Exercise directions: Find the line with "NEW Custom Personalized" and the line with "21款速腾报价,大众21款速腾多少钱" in the entries below; output exactly those two lines, every line between them, and no others.

(Recorded data)
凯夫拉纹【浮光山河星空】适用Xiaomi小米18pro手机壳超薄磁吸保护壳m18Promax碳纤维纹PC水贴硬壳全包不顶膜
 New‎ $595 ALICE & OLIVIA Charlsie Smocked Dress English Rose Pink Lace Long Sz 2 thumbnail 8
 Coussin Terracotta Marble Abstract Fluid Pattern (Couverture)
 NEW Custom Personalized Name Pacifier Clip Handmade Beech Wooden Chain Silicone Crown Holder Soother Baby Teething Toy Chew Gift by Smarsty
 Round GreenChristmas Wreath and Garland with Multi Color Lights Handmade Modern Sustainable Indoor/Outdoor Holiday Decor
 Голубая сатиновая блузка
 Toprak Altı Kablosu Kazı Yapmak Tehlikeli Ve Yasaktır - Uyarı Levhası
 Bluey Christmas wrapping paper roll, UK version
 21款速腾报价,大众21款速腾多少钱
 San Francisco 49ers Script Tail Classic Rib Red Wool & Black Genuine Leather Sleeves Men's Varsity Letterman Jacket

Answer to the exercise:
 NEW Custom Personalized Name Pacifier Clip Handmade Beech Wooden Chain Silicone Crown Holder Soother Baby Teething Toy Chew Gift by Smarsty
 Round GreenChristmas Wreath and Garland with Multi Color Lights Handmade Modern Sustainable Indoor/Outdoor Holiday Decor
 Голубая сатиновая блузка
 Toprak Altı Kablosu Kazı Yapmak Tehlikeli Ve Yasaktır - Uyarı Levhası
 Bluey Christmas wrapping paper roll, UK version
 21款速腾报价,大众21款速腾多少钱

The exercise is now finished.